The constellation of reproductive failures documented at Kesterson entered the scientific literature as Kesterson Syndrome: selenium-induced embryonic deformities and mortality in waterfowl. The term became a benchmark for evaluating selenium risk worldwide. When irrigation projects in India, Australia, or the Middle East raised concerns about drainage water quality, researchers asked whether conditions could produce a Kesterson-like outcome. The USGS traced the contamination chain from Coast Range bedrock through irrigation drainage to reservoir sediment to bird tissue, establishing a model for how geologically sourced contaminants can be mobilized by human activity. Monitoring at the former reservoir continued through 2014, when selenium concentrations in soil and biota stabilized below 4 micrograms per gram -- still elevated, but below the thresholds that had caused mass deformities three decades earlier.

Unfinished Drainage

Kesterson Reservoir is now absorbed into the San Luis National Wildlife Refuge, its former ponds barely distinguishable from the surrounding grasslands. But the problem it exposed -- what to do with selenium-laden irrigation drainage in the San Joaquin Valley -- remains unsolved. The full San Luis Drain was never completed. Current alternatives under evaluation include membrane filtration, chemical selenium removal, and redesigned evaporation ponds. The valley still produces roughly a quarter of America's agricultural output, and its farms still generate drainage water that must go somewhere. Flooding could remobilize selenium locked in Kesterson's capped sediments, a risk that keeps monitoring programs active decades after the last contaminated water flowed in. Kesterson proved that the costs of industrial-scale irrigation extend far beyond the price of water.

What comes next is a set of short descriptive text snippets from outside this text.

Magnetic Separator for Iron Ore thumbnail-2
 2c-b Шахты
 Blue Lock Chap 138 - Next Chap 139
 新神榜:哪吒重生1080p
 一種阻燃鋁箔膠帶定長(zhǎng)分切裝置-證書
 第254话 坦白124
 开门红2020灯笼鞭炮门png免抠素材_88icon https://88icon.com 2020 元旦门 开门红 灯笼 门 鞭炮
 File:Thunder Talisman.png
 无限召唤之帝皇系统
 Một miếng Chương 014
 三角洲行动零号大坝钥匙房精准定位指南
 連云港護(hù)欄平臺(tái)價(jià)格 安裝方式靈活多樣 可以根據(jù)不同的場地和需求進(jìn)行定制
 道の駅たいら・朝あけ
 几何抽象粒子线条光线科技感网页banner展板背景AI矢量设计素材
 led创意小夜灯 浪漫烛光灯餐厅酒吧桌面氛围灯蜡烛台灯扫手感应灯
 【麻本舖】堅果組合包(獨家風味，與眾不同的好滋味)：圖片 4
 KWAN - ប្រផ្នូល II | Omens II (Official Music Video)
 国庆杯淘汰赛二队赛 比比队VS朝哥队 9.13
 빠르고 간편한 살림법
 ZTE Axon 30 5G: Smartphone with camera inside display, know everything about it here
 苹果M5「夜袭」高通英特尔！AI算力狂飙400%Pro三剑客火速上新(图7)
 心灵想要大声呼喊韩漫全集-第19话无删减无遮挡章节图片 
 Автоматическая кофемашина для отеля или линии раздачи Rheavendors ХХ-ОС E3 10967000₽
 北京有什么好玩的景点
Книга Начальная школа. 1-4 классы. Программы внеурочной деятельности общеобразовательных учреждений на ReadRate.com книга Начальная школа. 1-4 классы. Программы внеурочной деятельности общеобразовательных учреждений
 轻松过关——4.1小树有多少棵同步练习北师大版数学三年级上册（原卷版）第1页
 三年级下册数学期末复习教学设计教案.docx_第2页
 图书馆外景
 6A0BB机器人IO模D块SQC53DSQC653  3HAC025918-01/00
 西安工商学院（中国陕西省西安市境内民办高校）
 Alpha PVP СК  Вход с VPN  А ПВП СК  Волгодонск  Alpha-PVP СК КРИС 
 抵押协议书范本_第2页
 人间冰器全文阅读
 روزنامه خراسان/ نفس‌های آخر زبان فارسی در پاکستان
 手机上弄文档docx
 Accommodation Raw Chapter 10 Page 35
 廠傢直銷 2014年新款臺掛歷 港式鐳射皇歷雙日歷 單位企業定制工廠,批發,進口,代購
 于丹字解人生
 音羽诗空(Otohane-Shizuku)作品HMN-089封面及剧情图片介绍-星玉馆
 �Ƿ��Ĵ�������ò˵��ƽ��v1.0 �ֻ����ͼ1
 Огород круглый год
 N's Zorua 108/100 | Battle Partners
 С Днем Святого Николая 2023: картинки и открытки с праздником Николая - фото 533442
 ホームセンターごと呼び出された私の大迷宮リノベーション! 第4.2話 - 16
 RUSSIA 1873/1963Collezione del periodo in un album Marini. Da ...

Sometimes they are paid by the birds.

From the Air

Located at 37.26N, 120.89W in the San Joaquin Valley, approximately 18 miles west of Merced, California. The former reservoir's twelve evaporation ponds are now capped with soil and blend into the surrounding San Luis National Wildlife Refuge grasslands. The flat terrain of the valley floor is bordered by the Coast Ranges (west) and Sierra Nevada foothills (east). Castle Airport (KMER) is roughly 15 miles to the northeast. The California Aqueduct and various irrigation canals are visible from altitude crossing the valley.